Commissioner of the District of Columbia
- In office June 19, 1939 – April 15, 1940
- President: Franklin D. Roosevelt
- Preceded by: Vacant
- Succeeded by: John Russell Young
- In office November 16, 1933 – August 31, 1938
- President: Franklin D. Roosevelt
- Preceded by: Luther Halsey Reichelderfer
- Succeeded by: Vacant

Personal details
- Born: George Edward Allen February 29, 1896 Booneville, Mississippi, U.S.
- Died: April 23, 1973 (aged 77) Palm Desert, California, U.S.
- Party: Democratic
- Spouse: Mary Keane
- Education: Cumberland University (LLB)

= George E. Allen =

American politician (1896–1973)

George Edward Allen (February 29, 1896 – April 23, 1973) was an American lawyer, businessman, and friend ("poker-playing intimate" and even "court jester") for U.S. presidents Franklin D. Roosevelt, Harry S. Truman, and Dwight D. Eisenhower. He was also head football coach of Cumberland University's football team during their famed lopsided match against Georgia Tech, losing 222–0.

==Background==

George Edward Allen was born on February 29, 1896, in Booneville, Mississippi. He earned a law degree (LLB) at Cumberland University in Tennessee. In 1939, he earned an LLD.

==Career==
===Coaching===

Allen as Cumberland College coach (circa 1916)

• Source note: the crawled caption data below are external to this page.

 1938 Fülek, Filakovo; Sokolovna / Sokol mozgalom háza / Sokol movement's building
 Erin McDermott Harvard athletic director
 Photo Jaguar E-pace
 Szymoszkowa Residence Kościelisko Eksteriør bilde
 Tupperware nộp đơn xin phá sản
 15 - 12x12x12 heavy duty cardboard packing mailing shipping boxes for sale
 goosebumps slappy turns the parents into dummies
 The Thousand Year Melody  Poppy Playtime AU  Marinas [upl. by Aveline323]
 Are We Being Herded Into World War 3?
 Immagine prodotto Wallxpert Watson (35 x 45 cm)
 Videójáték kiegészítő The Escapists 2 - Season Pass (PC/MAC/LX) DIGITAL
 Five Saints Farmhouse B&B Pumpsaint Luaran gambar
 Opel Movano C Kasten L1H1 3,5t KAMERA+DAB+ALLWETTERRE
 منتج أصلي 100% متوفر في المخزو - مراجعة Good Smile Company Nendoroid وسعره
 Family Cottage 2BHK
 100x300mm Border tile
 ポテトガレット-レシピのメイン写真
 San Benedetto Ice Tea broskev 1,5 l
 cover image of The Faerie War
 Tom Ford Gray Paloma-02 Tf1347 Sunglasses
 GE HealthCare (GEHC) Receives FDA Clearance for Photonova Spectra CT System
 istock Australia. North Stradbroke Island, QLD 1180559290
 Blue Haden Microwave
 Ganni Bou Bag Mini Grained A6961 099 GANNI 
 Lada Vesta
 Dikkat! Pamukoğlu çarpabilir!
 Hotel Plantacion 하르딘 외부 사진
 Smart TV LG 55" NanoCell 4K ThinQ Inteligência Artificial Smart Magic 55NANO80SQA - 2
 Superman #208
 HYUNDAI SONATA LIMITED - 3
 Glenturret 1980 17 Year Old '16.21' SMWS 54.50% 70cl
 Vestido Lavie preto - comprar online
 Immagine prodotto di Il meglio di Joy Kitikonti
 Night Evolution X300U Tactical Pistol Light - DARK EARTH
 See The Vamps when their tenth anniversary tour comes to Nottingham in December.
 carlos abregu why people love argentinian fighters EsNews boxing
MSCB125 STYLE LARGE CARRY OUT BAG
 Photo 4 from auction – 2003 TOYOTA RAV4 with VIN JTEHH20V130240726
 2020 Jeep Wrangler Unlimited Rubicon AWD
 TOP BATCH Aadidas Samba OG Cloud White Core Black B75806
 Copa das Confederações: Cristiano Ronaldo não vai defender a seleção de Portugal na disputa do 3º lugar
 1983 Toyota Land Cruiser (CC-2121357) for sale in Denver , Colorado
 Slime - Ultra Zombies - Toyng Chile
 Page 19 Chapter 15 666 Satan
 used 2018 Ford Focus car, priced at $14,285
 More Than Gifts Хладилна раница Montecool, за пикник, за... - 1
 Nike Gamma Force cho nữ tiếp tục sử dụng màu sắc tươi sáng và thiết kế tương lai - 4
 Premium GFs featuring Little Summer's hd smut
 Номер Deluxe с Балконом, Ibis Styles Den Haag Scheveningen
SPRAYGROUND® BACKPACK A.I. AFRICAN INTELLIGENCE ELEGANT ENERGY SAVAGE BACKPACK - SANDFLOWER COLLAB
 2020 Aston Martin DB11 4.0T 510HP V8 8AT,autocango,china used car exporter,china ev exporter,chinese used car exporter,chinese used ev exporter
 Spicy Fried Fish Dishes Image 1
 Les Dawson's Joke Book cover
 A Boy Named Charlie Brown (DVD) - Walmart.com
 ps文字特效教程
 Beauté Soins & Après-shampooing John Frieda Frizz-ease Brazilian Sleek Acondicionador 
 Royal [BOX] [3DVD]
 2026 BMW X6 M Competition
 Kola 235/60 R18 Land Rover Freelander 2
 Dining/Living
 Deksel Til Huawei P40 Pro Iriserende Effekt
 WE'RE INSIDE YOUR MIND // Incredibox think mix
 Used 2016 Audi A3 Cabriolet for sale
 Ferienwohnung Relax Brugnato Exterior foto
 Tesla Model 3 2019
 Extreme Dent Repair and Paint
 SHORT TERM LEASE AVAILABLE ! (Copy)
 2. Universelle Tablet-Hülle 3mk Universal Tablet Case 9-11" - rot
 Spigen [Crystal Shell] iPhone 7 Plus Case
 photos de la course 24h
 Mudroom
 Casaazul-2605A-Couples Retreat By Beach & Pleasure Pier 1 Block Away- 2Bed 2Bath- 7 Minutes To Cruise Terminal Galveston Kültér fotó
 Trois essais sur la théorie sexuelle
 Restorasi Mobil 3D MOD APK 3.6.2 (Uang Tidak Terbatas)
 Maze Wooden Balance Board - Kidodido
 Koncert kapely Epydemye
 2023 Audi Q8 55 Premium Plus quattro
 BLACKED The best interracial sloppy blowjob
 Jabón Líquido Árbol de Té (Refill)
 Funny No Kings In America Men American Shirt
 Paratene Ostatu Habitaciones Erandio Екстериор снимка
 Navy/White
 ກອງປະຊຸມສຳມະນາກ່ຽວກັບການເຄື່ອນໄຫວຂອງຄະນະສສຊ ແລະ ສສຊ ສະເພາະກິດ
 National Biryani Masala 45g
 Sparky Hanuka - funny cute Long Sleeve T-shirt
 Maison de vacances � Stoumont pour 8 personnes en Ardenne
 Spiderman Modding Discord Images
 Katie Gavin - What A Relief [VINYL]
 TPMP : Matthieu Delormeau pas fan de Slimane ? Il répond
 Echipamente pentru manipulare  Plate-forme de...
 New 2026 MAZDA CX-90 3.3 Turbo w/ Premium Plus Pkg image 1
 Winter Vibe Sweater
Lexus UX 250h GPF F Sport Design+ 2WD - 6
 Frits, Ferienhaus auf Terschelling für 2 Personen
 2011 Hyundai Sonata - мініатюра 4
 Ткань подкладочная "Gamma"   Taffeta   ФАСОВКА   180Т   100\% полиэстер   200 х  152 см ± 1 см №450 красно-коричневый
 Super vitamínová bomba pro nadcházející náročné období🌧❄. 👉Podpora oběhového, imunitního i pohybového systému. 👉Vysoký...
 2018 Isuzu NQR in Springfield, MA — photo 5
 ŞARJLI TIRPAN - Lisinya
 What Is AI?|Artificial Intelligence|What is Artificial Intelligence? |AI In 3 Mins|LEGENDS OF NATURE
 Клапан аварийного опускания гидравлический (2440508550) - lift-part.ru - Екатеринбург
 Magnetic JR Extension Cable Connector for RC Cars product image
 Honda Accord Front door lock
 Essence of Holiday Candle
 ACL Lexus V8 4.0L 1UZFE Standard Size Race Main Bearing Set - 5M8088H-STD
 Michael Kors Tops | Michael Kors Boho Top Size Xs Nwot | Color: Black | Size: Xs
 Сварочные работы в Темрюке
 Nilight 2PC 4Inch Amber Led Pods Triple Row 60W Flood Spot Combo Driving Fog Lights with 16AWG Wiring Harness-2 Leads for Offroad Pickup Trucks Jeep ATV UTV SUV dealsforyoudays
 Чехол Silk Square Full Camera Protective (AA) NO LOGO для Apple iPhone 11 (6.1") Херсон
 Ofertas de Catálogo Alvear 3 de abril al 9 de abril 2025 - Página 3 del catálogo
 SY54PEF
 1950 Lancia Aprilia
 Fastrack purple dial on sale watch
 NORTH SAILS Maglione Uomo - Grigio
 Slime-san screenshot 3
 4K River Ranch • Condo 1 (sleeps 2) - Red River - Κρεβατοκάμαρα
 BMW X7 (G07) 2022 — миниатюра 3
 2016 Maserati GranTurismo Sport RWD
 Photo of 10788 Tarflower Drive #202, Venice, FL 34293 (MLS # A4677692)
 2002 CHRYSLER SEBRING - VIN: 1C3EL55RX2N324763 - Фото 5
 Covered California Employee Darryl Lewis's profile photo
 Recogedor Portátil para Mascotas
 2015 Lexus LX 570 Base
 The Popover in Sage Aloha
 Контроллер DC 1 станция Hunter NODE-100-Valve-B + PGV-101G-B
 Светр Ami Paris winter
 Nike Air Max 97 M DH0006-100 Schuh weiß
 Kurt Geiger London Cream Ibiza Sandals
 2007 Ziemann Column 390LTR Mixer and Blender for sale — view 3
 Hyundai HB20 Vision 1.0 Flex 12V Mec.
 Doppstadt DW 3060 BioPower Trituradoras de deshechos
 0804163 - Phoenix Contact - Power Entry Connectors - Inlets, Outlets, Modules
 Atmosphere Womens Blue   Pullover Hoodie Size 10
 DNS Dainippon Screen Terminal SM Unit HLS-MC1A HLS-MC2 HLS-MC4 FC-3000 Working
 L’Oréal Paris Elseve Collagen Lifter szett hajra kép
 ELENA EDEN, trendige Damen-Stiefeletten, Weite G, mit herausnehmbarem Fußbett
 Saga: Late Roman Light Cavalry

In 1916, Allen served as head football coach for Cumberland College Bulldogs in Lebanon, Tennessee, for one game, during which his alma mater Cumberland University suffered the greatest loss in the history of college football to Georgia Tech by a score of 222 to 0. A favorite is his account of the Georgia Tech-Cumberland U. football game in 1916. Cumberland's fullback and captain, George Allen himself, made the best run of the game for his hard pressed side: "I only lost six yards." He would have made one beautiful punt if his own center had not blocked it with the back of his neck. George recalls: "I once dropped the ball and yelled at another fellow: 'Pick it up.' He yelled back at me, 'Pick it up yourself, you dropped it.'" The score: Tech, 222; Cumberland, 0. Cumberland had actually discontinued its football program before the season but was not allowed to cancel its game against the Engineers. Georgia Tech coach John Heisman insisted on the schools' scheduling agreement, which required Cumberland to pay $3,000 (considered a sizeable sum in 1916 and roughly equivalent to $70,000 currently) to Tech if its football team failed to show.

George Allen (who was elected to serve as Cumberland's football team student manager after first serving as the baseball team student manager), also a Kappa Sigma fraternity member, put together a scrub team of 14 players to travel to Atlanta as Cumberland's football team and were soundly beaten 222 to 0, saving the college $3,000 in the process. Cumberland would not play football again until 1920.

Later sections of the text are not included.